Directions for this task
Once the line with "CATDOLL: What should" is found, write it out along with every line after it, exactly, up to the last line of the entries below. Exclude pictures.
::::
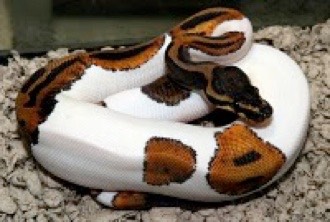 piebald_python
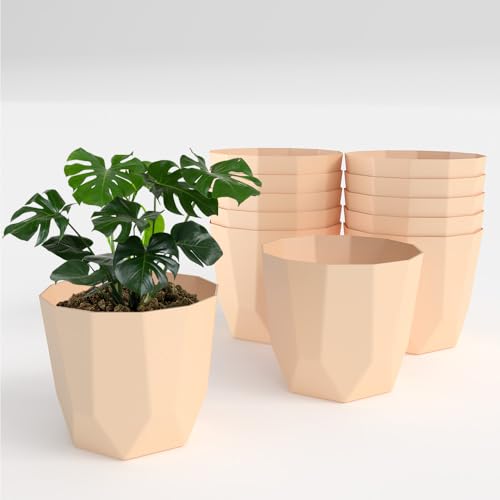 Image of YUCCABE ITALIA SHERA Hexa Plastic Planter Pot for Plants Decorative Flower Pot UV Protected Lightweight Indoor Outdoor Gamla for Home Decor, Balcony, Garden & Living Room (Beige, 6 INCH - 12 Pcs)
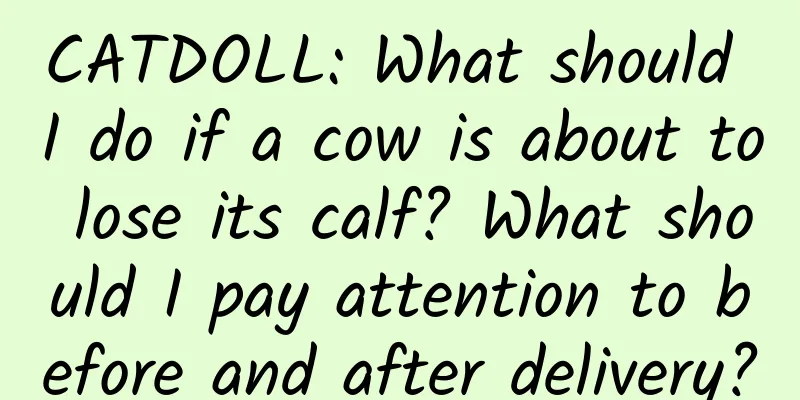 CATDOLL: What should I do if a cow is about to lose its calf? What should I pay attention to before and after delivery?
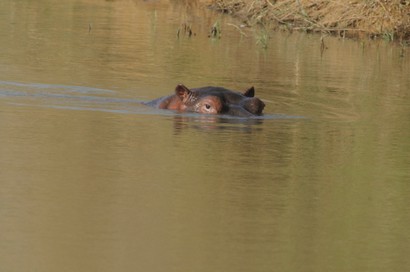 Hippopotame amphibie-Hippopotamus amphibius  1 (19).JPG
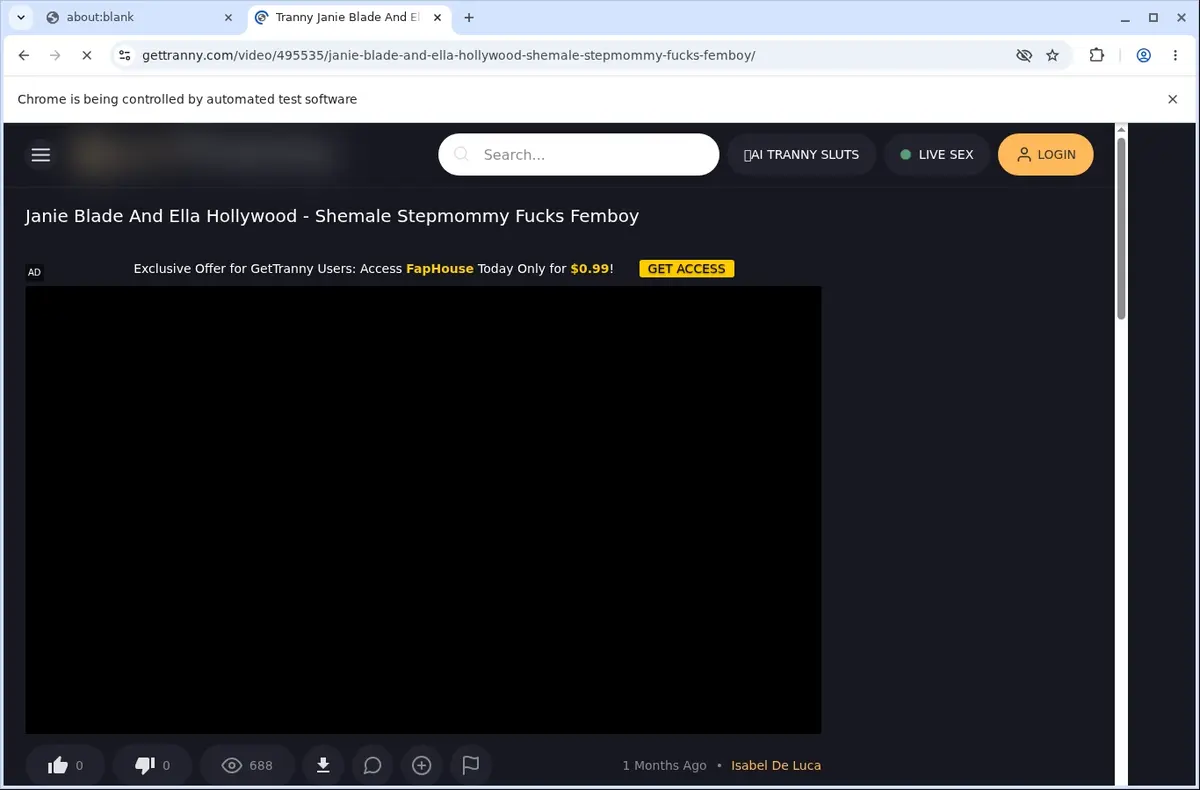 GetTranny Video Downloader page open in the browser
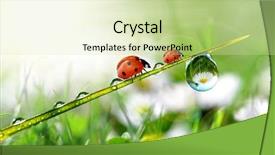  Presentation with dew - Presentation theme with fresh grass with dew drops background and a soft green colored foreground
::::
Task answer
 CATDOLL: What should I do if a cow is about to lose its calf? What should I pay attention to before and after delivery?
 Hippopotame amphibie-Hippopotamus amphibius  1 (19).JPG
 GetTranny Video Downloader page open in the browser
  Presentation with dew - Presentation theme with fresh grass with dew drops background and a soft green colored foreground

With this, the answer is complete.